Regarding whether there was some doubt that Shea had been murdered, I didn't make up that idea out of thin air. In The Family (1989 updated edition, pages 458-459) Ed Sanders wrote, "In addition to the thrill of having a case finally closed, the officers were very glad to find Mr. Shea for a very practical reason: There had always been the faint dread of Shorty Shea showing up. Attorney Paul Fitzgerald: 'They really did want to find this body. And they were subject to to a lot of kidding and a lot of some good natured and not so good natured ribbing about the fact that they railroaded these Manson people to jail, that this was all fictitious, it was all bullshit; that this Shorty Shea, the flake, would turn up one of these days to the embarrassment of all concerned.'"

Bruce Davis and Steve Grogan's confessions to the crime were made years later at parole hearings after they had been convicted,  Barbara Hoyt is a totally unreliable and discredited witness, and Ruby Pearl's nighttime observations regarding Shea and "the Manson boys" are only important in that they set up the fantasy testimony of Barbara Hoyt. and are evidence only of a possible encounter that was likely nine or ten hours before Shea was actually killed (albeit by those same individuals!).

It is also telling that the jurors in the Shea trials were not sure enough of the certainty of Shea's murder that they applied the death penalty to any of the defendants, especially in a supposed decapitation-dismemberment murder wherein one of the defendants (Manson) had already been convicted and sentenced to death for seven of the most atrocious homicides in U.S. criminal history. 

"No body" homicides are always difficult to prosecute because there is no corpse to prove that the alleged decedent is actually dead. Doubt is always a factor in such cases. But it's not accurate for Davis to say that I'm a doubter when it comes to whether Shea was murdered or that Charles Manson didn't have some involvement with that murder, because I never doubted that. How could I? Manson and I talked about it. 

That's about it. I don't have a problem with anything on page 242.

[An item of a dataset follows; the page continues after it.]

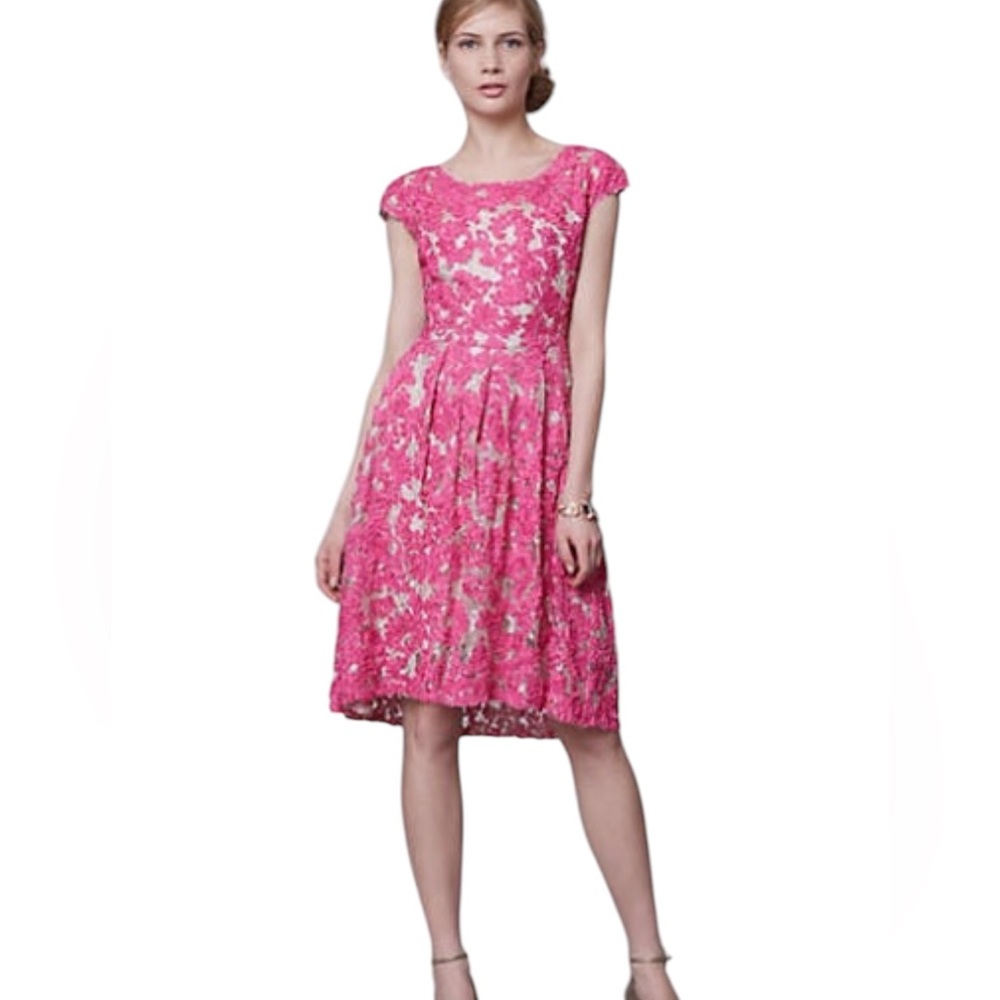 Anthropologie Yoana Baraschi Pink Jardim Lace Dress - 6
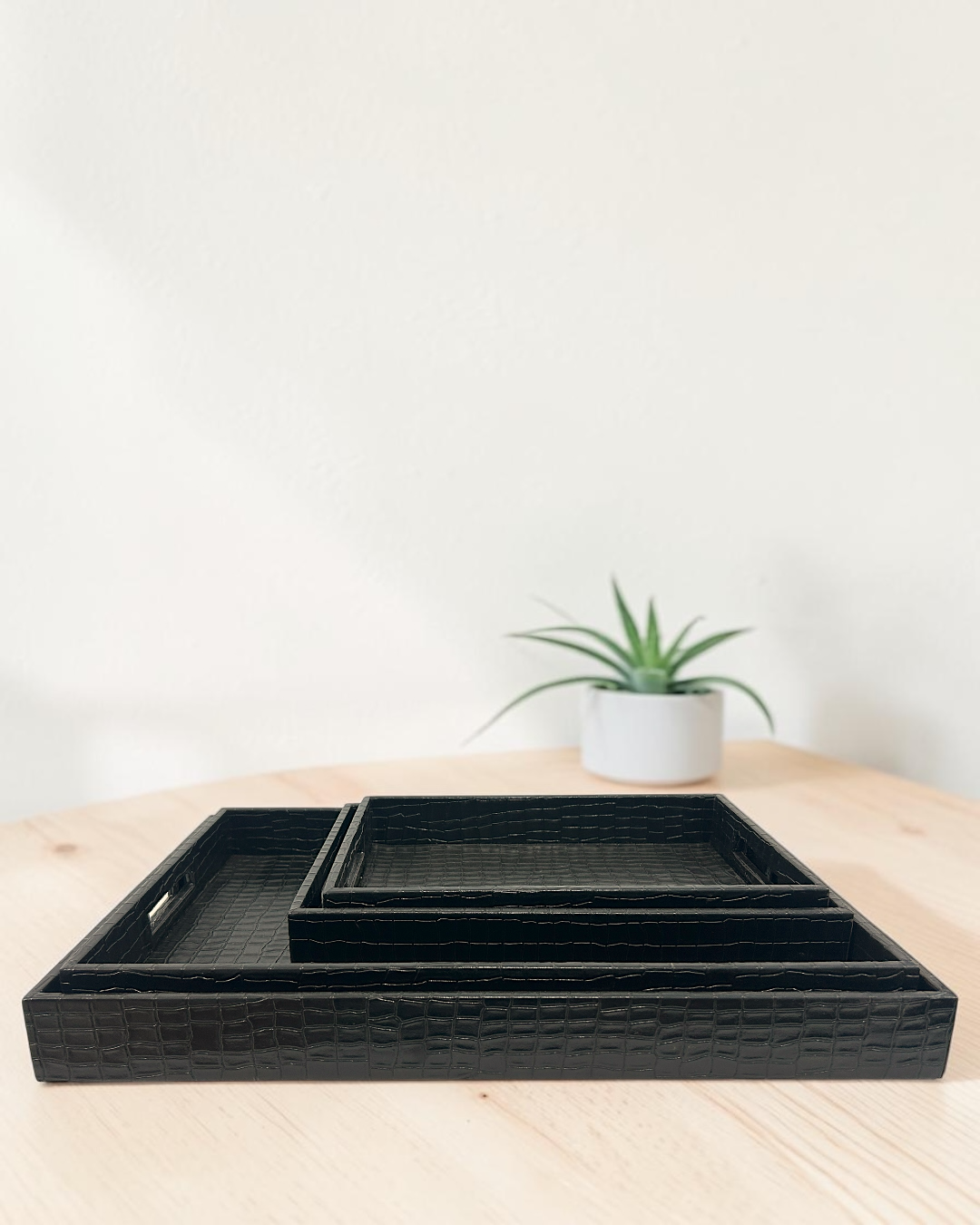 Luxury Leatherette Serving Tray for Tea, Coffee & Snacks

So, to sum up, I have always held that students of any murder case should get their hands on all of the case material they can, even including books. When it comes to Tate-LaBianca, In A Summer Swelter is no exception. You should definitely get it. It is a classic of its kind, a collection of stereotyped and hackneyed caricatures woven together in a fantasy fairy tale of misrepresentations and lies that only a complete naif could believe. Nevertheless it contains much food for thought, and I think everybody should read it. But just remember that although some of the food for thought you consume helps you to grow, a lot of it just ends up as shit.


52 comments:

St Circumstance said...

George here is the hard truth friend ...

If this book is basically nothing more than a rebuff of your book there is no reason to read it. While your book is well written and interesting- it is also propaganda and written with an Agenda. To clear Charlie as much as possible.

Personally, I don't need to hear an argument of why you were wrong in Goodbye HS. I read it and already know it was written with an angle. That doesn't mean your not intelligent or need to be a layer lol

It just means your biased ;)

After reading this review I want to read Simons book even less. I didn't think that was possible. If I had to choose who I prefer to read work by George you win every time but I don't think either of you have the real answers.

Sorry I just don't. I think you both have your own strong opinions. That's ok. Me too. Mine just aren't interesting enough for a book. George yours was. Apparently Simon should have stuck on sidelines with me if all he has to offer is where George was wrong.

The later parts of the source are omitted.